### Description of the task
Repeat every line from the line containing "POL Dream Dye" to the end of the data, exactly. Leave the pictures out.

▬▬▬▬▬▬▬▬▬▬

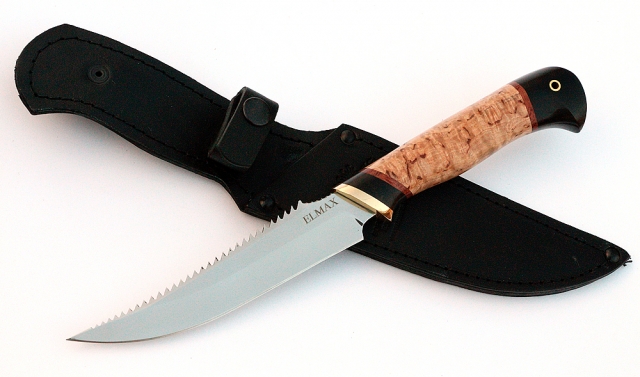 Нож Рыболов-5 сталь ELMAX, рукоять карельская береза-черный граб 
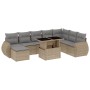 9-piece garden sofa set with beige synthetic rattan cushions by , Garden sets - Ref: Foro24-3268729, Price: 565,71 €, Discoun...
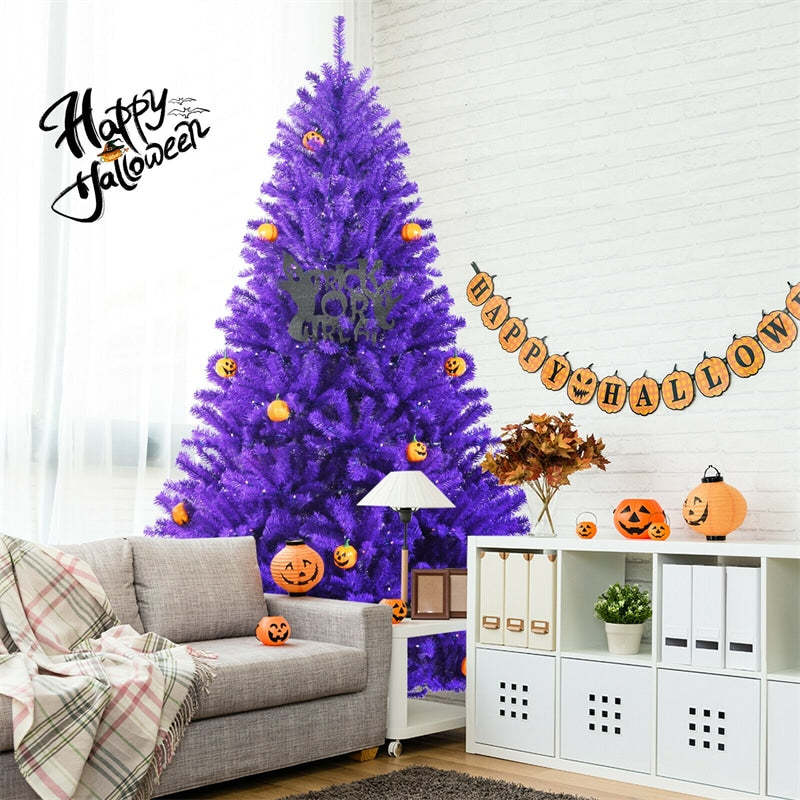 7FT Purple Artificial Christmas Tree Pre Lit Halloween Tree with 500 Orange LED Lights & Pumpkin Ornaments for Holiday Festival Decor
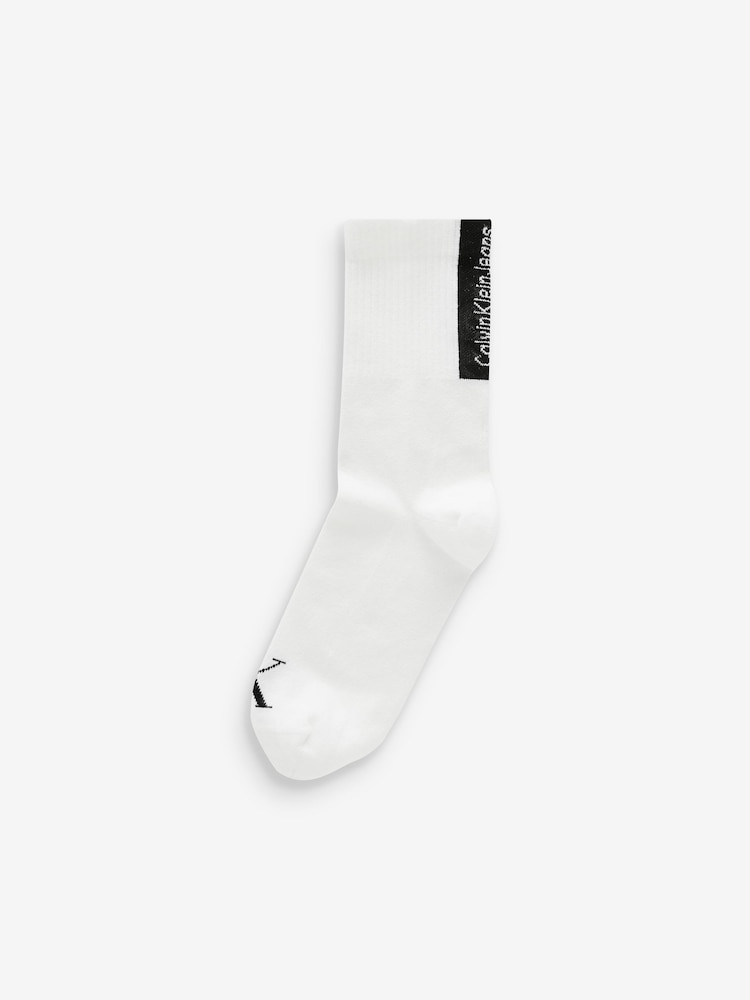 Calvin Klein White Mens Socks 2 Pack - Image 2 of 2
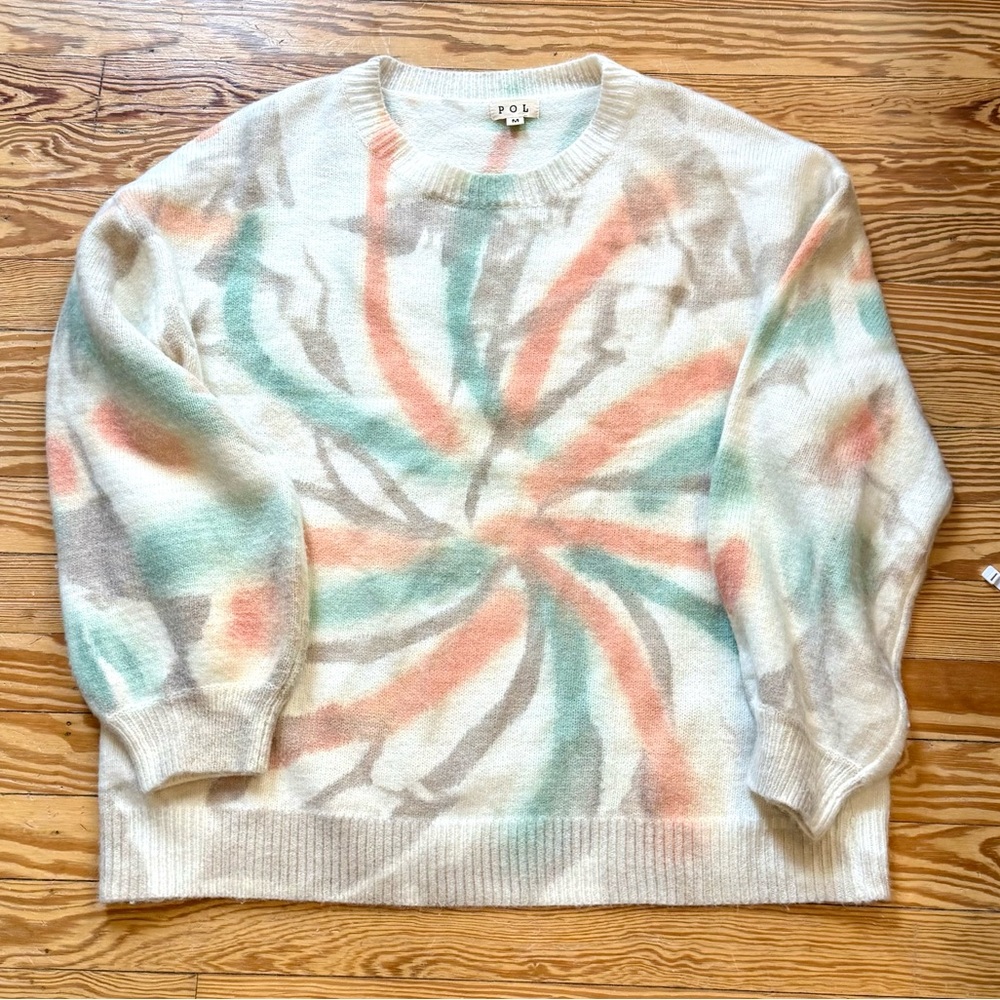 POL Dream Dye Cream and Pastel Swirl Oversized Sweater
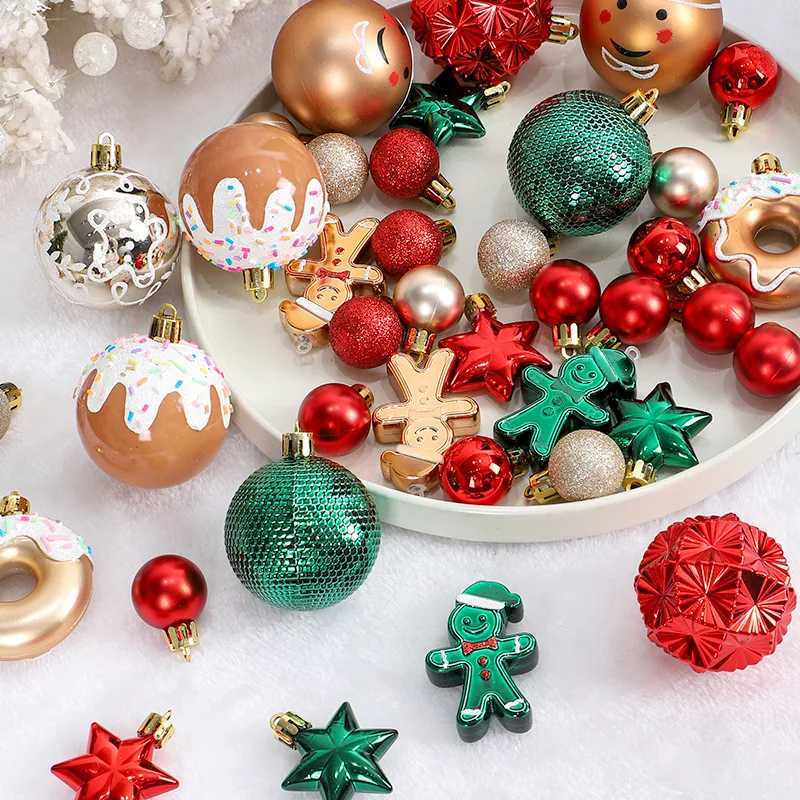 42pcs 6cm Christmas Ball Gingerbread Man Xmas Tree Hanging Ornaments Home Christmas Decoration Party New Year Gift Navidad 2025 C251030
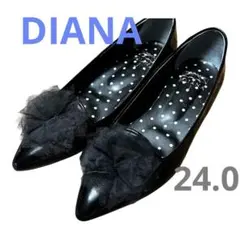 DIANAダイアナ　レインパンプス　コサージュ付エナメルシューズ　晴雨兼用のサムネイル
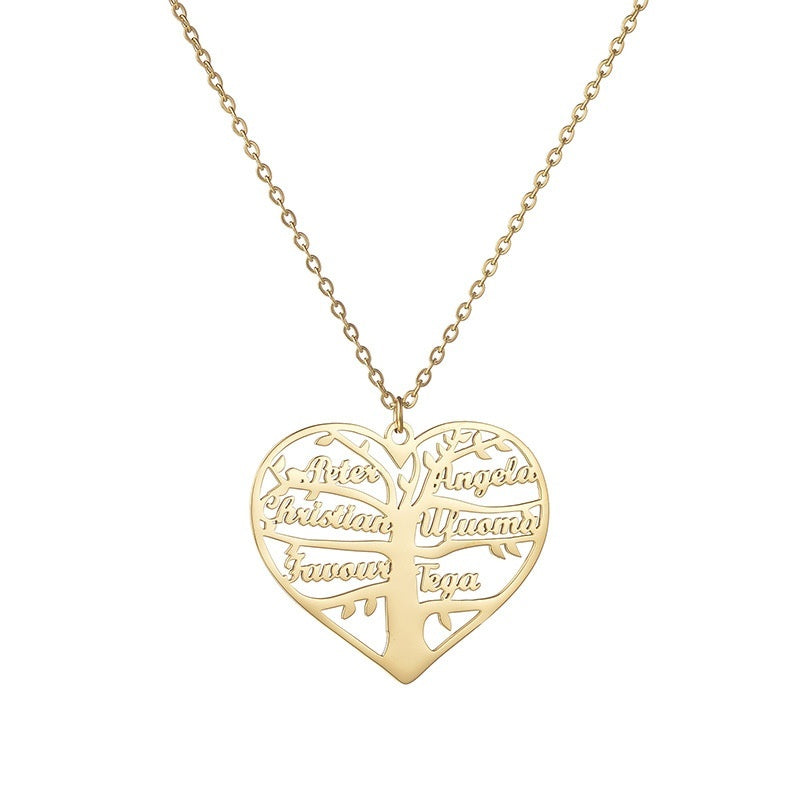 Women's Necklace Name Custom Hollow Heart English Letter Lucky Tree Titanium Steel Pendant Ornaments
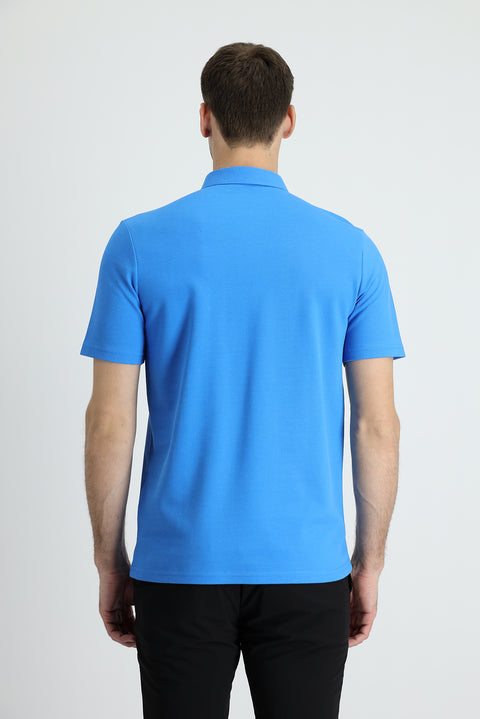 Aqua Blue Polo Collar Slim Fit Narrow Cut Cotton T-Shirt
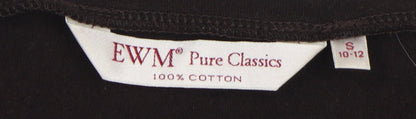 EWM Womens Pure Classics Black V-Neck Long Sleeve Top S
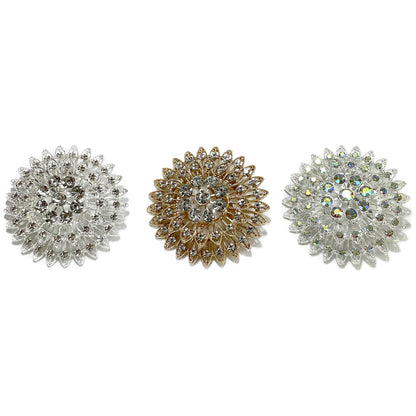 Rhinestone Flower Brooch BC0427-7 (12PC)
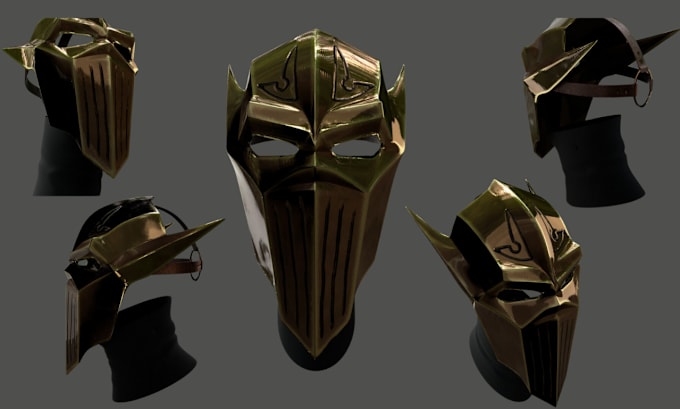 Gig Preview - Sculpt 3d helmet cosplay 3d mask model oni mask 3d helmet design for 3d printing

▬▬▬▬▬▬▬▬▬▬

### Exercise result
 POL Dream Dye Cream and Pastel Swirl Oversized Sweater
 42pcs 6cm Christmas Ball Gingerbread Man Xmas Tree Hanging Ornaments Home Christmas Decoration Party New Year Gift Navidad 2025 C251030
 DIANAダイアナ　レインパンプス　コサージュ付エナメルシューズ　晴雨兼用のサムネイル
 Women's Necklace Name Custom Hollow Heart English Letter Lucky Tree Titanium Steel Pendant Ornaments
 Aqua Blue Polo Collar Slim Fit Narrow Cut Cotton T-Shirt
 EWM Womens Pure Classics Black V-Neck Long Sleeve Top S
 Rhinestone Flower Brooch BC0427-7 (12PC)
 Gig Preview - Sculpt 3d helmet cosplay 3d mask model oni mask 3d helmet design for 3d printing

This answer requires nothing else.